Alongside a greater sense of player agency, perhaps the biggest change in Epic Mickey 2 is its co-op gameplay, with Mickey's older brother, Oswald, now a playable character that you can either switch to manually or let another player drop in to control in split screen. While Mickey has paint and thinner, Oswald carries a remote control to zap machinery to life and create a slightly different set of interactions with his environment.

Another shift is in the game's tone, which isn't quite as sinister as its predecessor was. Did the darkness of the original make Disney nervous?

"There were people who were worried, let's say," says Spector. "One of the goals of the game was to make Mickey a video game hero, and hero is a big word. In order to be a hero there has to be something significant to push up against. We needed the world to be kind of dark and the problem to be significant so Mickey had a chance to prove that he was a hero, and they understood that – they understand storytelling pretty well at Disney. With the second game, we made a conscious decision to brighten things up maybe 10% or 20%."

And that brightening process stretches as far as frequent musical numbers. "What we're trying to do is make a game of contrasts. For every dark thing there's a light thing, for every down there's an up, so the world has to be a world of strong contrasts. And there's great humour in contrast. A dark world or a villain singing a song to express his emotions – it's fun, it's revealing, it's very Disney – and so it seems kind of appropriate."

In Epic Mickey 2's case, music appears to be confined to cut scenes, which you'll be able to skip (although on early evidence, you'd need a heart of stone to do so) but Spector would like to go further with music and games. "One day I'm going to make a game where songs are part of the game system – I've got a lot of ideas about how to do that."

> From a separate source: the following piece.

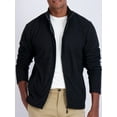 thumbnail image 3 of Real Essentials 2 Pack: Men's Polar Fleece Full-Zip Long Sleeve Jacket - Winter Outdoor Hiking Coat (Available in Big & Tall), 3 of 5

For now he's interested in pursuing the themes of choice and consequence. "It's a different tone, but absolutely with the same idea in mind, that what you're doing really matters and there's nothing that says the only worthy consequence is death or failure. Different kinds of choices have different kinds of consequences and that's all it is."

With just three levels playable – the tutorial, the OsTown hub area and a 2D platform-style knockabout – there's only so much cause and effect visible at this stage. Mickey is very much able to change the look and functionality of OsTown by painting in buildings and erasing other ones – which, as in the last game, makes an immediate and palpable difference to your surroundings.

Epic Mickey 2 is due for release this autumn and promises to be rather more thoughtful than most games featuring licensed characters.